Solved – Can MAPE Decrease while StdDev Increases

maemapestandard deviation

Can a decrease in mean absolute percentage error (MAPE) be correlated with an increase in standard deviation of the error? Is that counter-intuitive? What about MAPE vs. mean absolute error (MAE)? I'm wondering if those metrics should follow a trend, or not necessarily.

Update

The general concern is as follows: when performing cross-validation, by establishing a scoring criterion that combines average (e.g., MAE, MSE) and spread (e.g., SD) of the errors doesn't necessarily lead to minimizing MAPE. In other words, one shouldn't expect to reduce MAPE by minimizing those other metrics. Does this sound reasonable?

Best Answer

Note that the MAPE goes down as actuals go up - and the standard deviation doesn't. So for a given time series of errors (with potentially increasing SD), we could simply have a time series of actuals with a positive trend, and once the positive trend is strong enough, the MAPE will start going down.

set.seed(10)
nn <- 100
error <- rnorm(nn,0,seq(10,15,length.out=nn))
actuals <- seq(20,50,length.out=nn)

cumulative.mape <- cumsum(abs(error)/actuals)/(1:nn)
cumulative.sd <- sapply(1:nn,function(xx)sd(error[1:xx]))

opar <- par(mfrow=c(1,2))
    plot(cumulative.mape[-(1:10)],type="l",main="Cumulative MAPE",ylab="",xlab="")
    plot(cumulative.sd[-(1:10)],type="l",main="Rolling Error SD",ylab="",xlab="")

MAPE and SD

So the issue is that the MAPE depends on the error and the actuals, whereas the SD of the errors don't depend on the actuals any more (beyond the actuals influencing the errors themselves, of course). Thus, this should typically not happen for the SD and MAE, since the MAE again only depends on the errors, not the actuals.

EDIT: In general, different error measures move somewhat in tandem - but not perfectly so. Minimizing different error types is the same as optimizing different loss functions - and the minimizer for one loss function is typically not the minimizer of a different loss function.

For an extreme example, minimizing the MAE will pull you towards the median of the future distribution, while minimizing the MSE will pull you towards its expectation.
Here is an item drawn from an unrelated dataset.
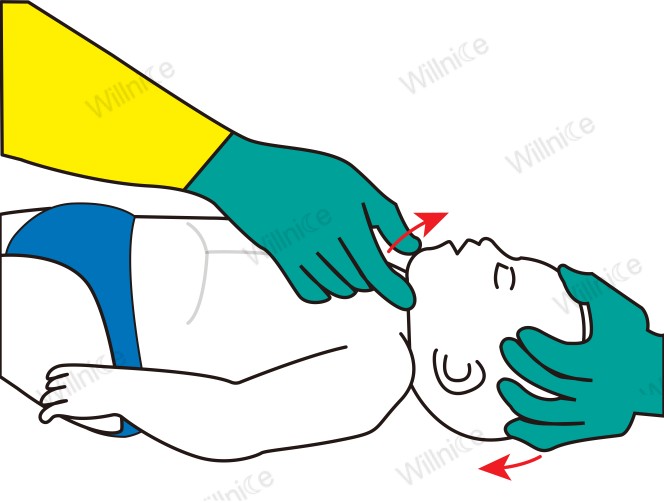 Infant CPR: Open airway using the head-tilt-chin-lift technique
If the future distribution is asymmetric, these will be different, so minimizing the MAE will yield biased predictions. I just discussed this yesterday.

So: no, minimizing one error measure will not necessarily minimize a different one.

I regularly read the International Journal of Forecasting, and accepted best practice there is to report multiple error measures, and sometimes, yes, they imply that different methods are "best". Which authors and readers take in stride. I'd say that point forecasts are not overly helpful, anyway, and that you should always aim at full predictive densities.

(Incidentally, I can't recall ever having seen the SD of the errors reported in the IJF, and I don't really see the point of it as an error measure. An error time series can be badly biased and constant over time, with a zero SD - what's good about that?)

EDIT 2: I no longer believe assessing point forecasts using different error measures is useful. To the contrary, I believe it's actively misleading. My argument can be found in Kolassa (2020), "Why the "best" point forecast depends on the error or accuracy measure", International Journal of Forecasting.